● Your instructions
Return exactly, please, the line that contains "Woman lying in" and every line after it through the end of the material that follows, leaving pictures aside.
--- START ---
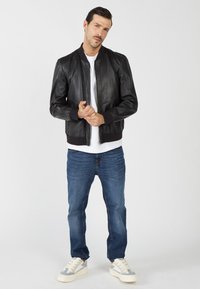 Zwarte leren bomberjack met ribbelmanchetten; gedragen over een wit T-shirt, gecombineerd met blauwe jeans en grijze sneakers. Gladde textuur.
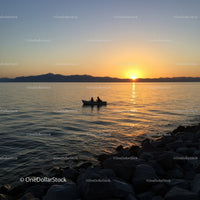 Serene Sunset Over Lake With Small Boat and Mountain Silhouette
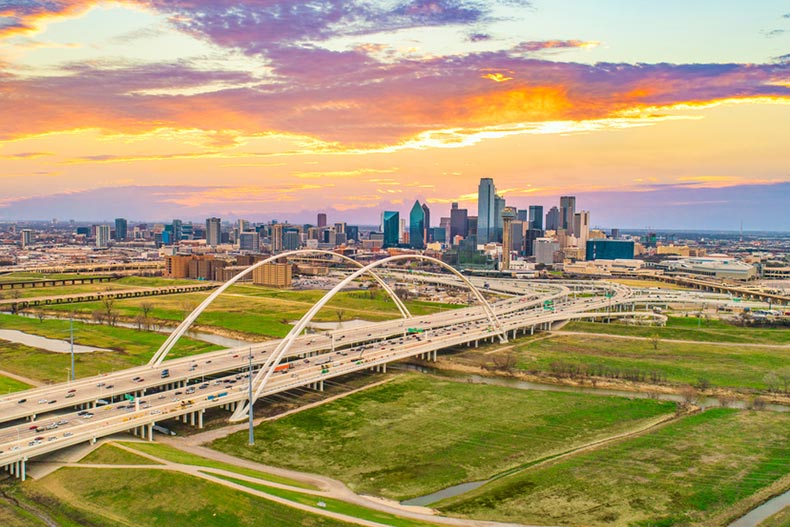 Aerial view of a bridge in front of the Dallas skyline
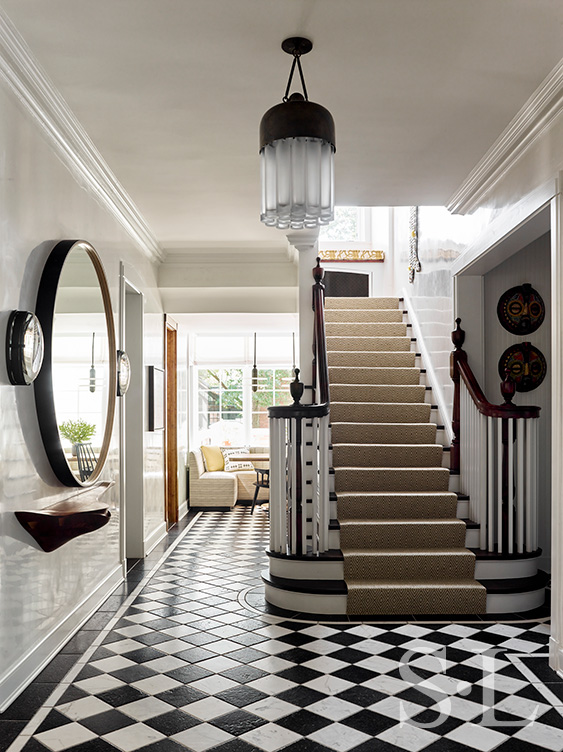 Foyer and stair of Oak Park Landmark Residence with black and white stone floor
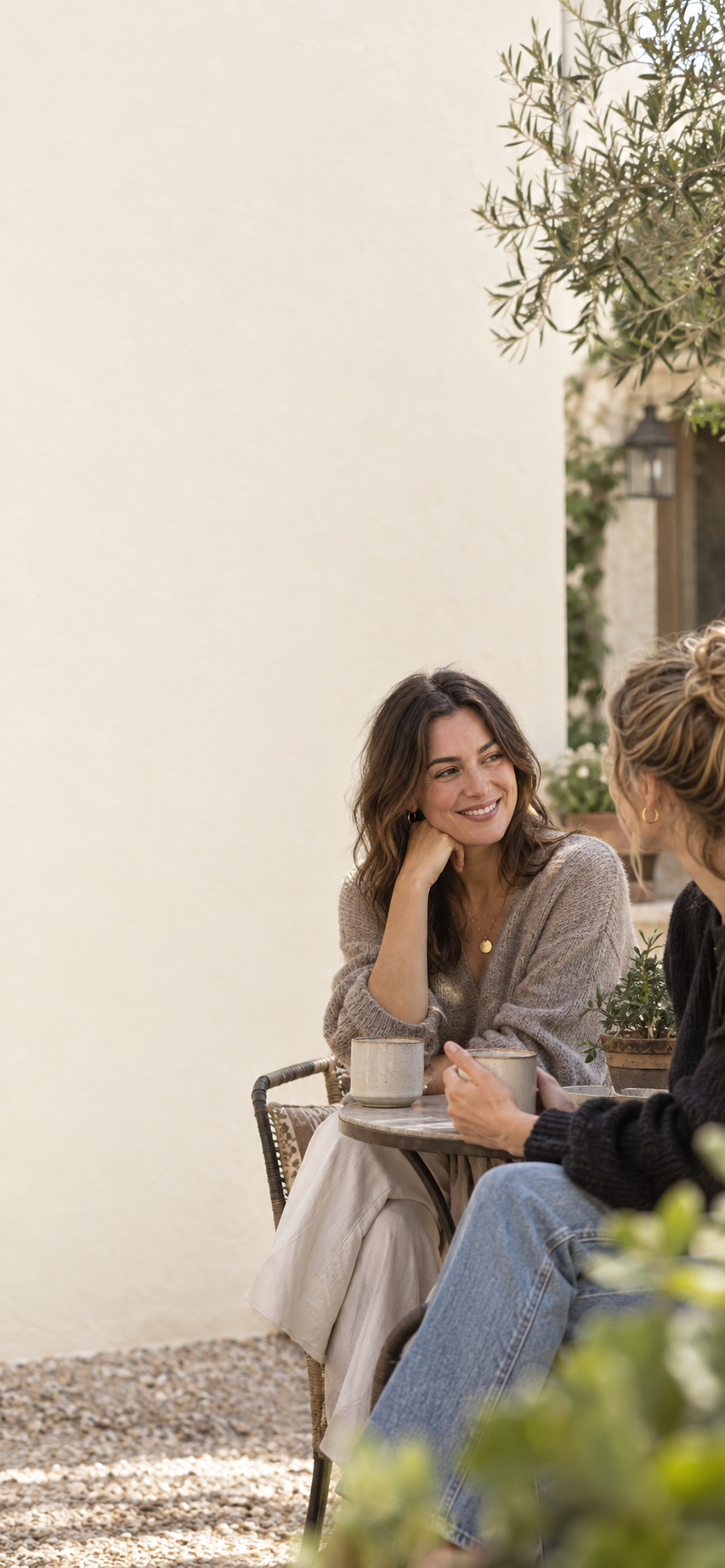 A woman sharing a moment with a friend outdoors.
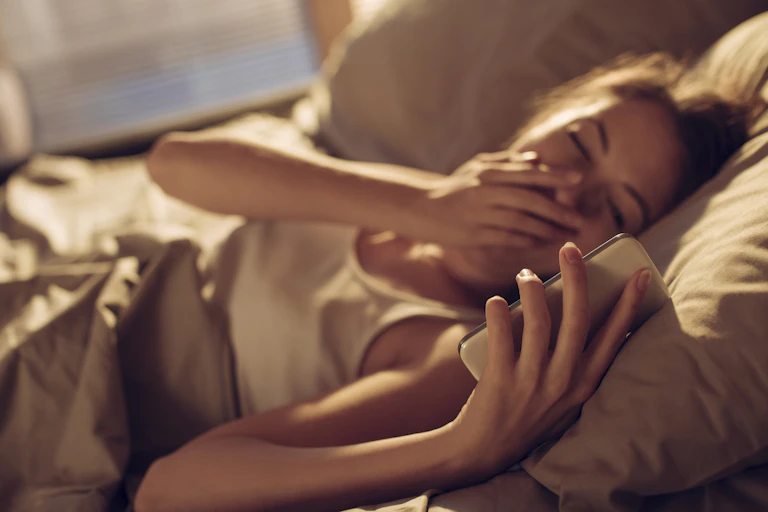 Woman lying in bed yawning and looking at phone
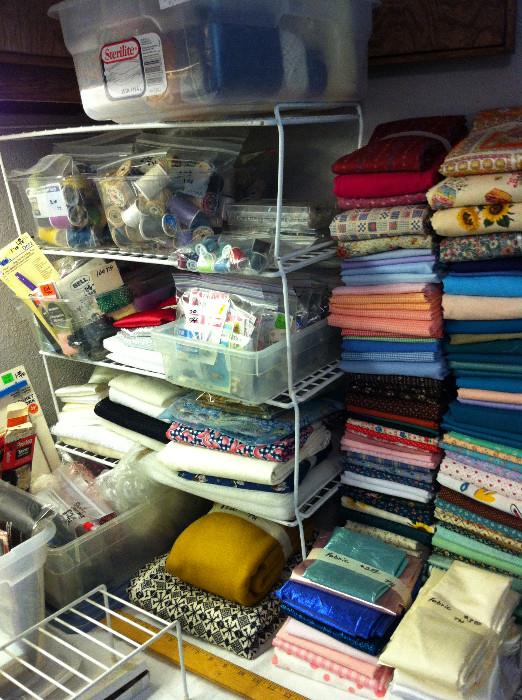       so much fabric; abundance of sewing notions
--- END ---
● Response box
 Woman lying in bed yawning and looking at phone
       so much fabric; abundance of sewing notions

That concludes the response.